XXX. Où était alors Marcion, le pilote du Pont, si zélé pour le stoïcisme ? où était Valentin, le disciple du platonisme ? [2] On sait qu’ils ne sont pas tellement anciens : ils vécurent à peu près sous le règne d’Antonin. Ils crurent d’abord à la doctrine catholique dans l’Église romaine, sous l’épiscopat du bienheureux Éleuthère, jusqu’au jour où leur curiosité toujours inquiète, par où ils corrompaient leurs frères mêmes, les en fit expulser par deux fois, Marcion avec les deux cent mille sesterces qu’il avait apportés à l’Église. Puis, exilés dans une séparation perpétuelle, ils dispersèrent le venin de leurs doctrines. [3] Enfin Marcion, ayant confessé son repentir, accepta la condition à laquelle fut subordonné l’octroi de la paix ecclésiastique, à savoir de restituer à l’Église ceux qu’il avait entraînés par ses leçons à leur perte. Mais la mort ne lui en laissa pas le temps.

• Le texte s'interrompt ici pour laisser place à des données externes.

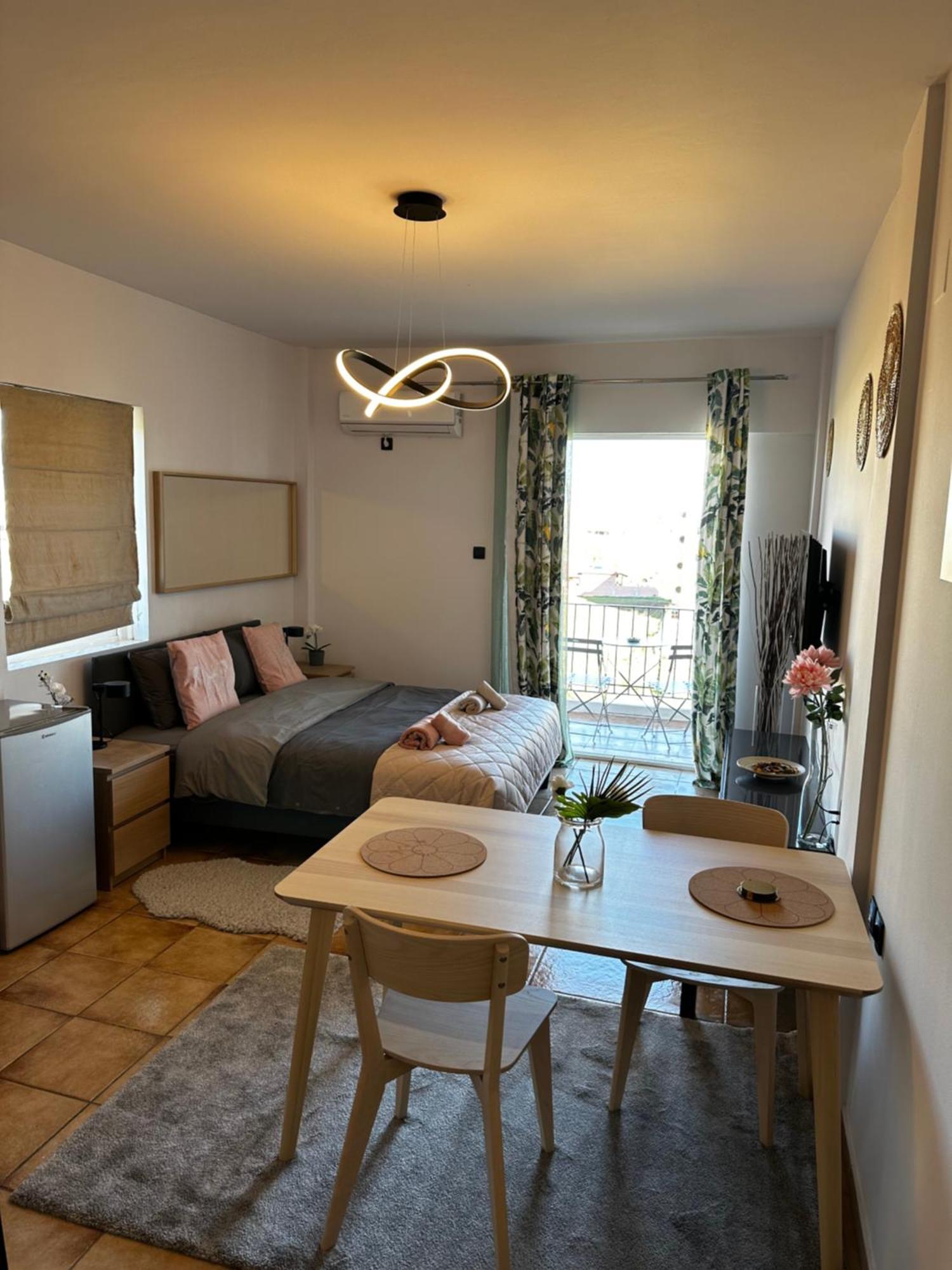 Νεάπολη Apartamento Larissa Exterior foto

[4] C’est qu’il fallait qu’il y eût des hérésies. De cette nécessité n’allons pas inférer que l’hérésie soit un bien — comme s’il ne fallait pas que le mal existât aussi ! Ne fallait-il pas que le Seigneur fût trahi ? et cependant malheur au traître ! Que personne n’aille donc tirer de là une justification de l’hérésie.

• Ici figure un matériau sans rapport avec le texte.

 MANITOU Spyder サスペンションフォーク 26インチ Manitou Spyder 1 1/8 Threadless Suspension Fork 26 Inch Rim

[5] Il faut dire encore un mot de l’origine d’Apelle. Il n’est pas lui-même aussi ancien que Marcion, son maître, de qui il reçut sa formation. Une femme fut l’occasion de sa chute ; il déserta la continence marcionite et, loin des yeux de son chaste maître, il se retira à Alexandrie. [6] Quelques années après il revint, sans s’être amélioré, à cela près qu’il n’était plus marcionite. Il s’attacha à une autre femme : c’était cette fameuse vierge Philoumène dont nous avons déjà fait mention et qui devint ensuite une infâme prostituée. Sous l’influence de son énergie diabolique il écrivit les Révélations qu’il avait reçues d’elle. [7] Il y a encore aujourd’hui par le monde des gens qui se souviennent d’eux ; on voit de leurs propres disciples et de leurs successeurs. Impossible donc de nier leur tardive apparition. [8] D’ailleurs leurs œuvres elles-mêmes, comme a dit le Seigneur, les condamnent. [9] Si Marcion a séparé le Nouveau Testament de l’Ancien, il est donc postérieur à ce qu’il a séparé, car il n’eût pu les séparer, s’ils n’avaient constitué un tout. [10] Ce fait qu’ils formaient un tout avant d’être séparés, puis qu’ils ont été séparés, prouve que celui qui les a séparés était postérieur à eux. [11] De même Valentin, en interprétant à sa manière les Écritures et en corrigeant tout ce qu’il corrige, probablement sous ce prétexte qu’elles étaient auparavant corrompues, démontre qu’elles ne sont pas de lui.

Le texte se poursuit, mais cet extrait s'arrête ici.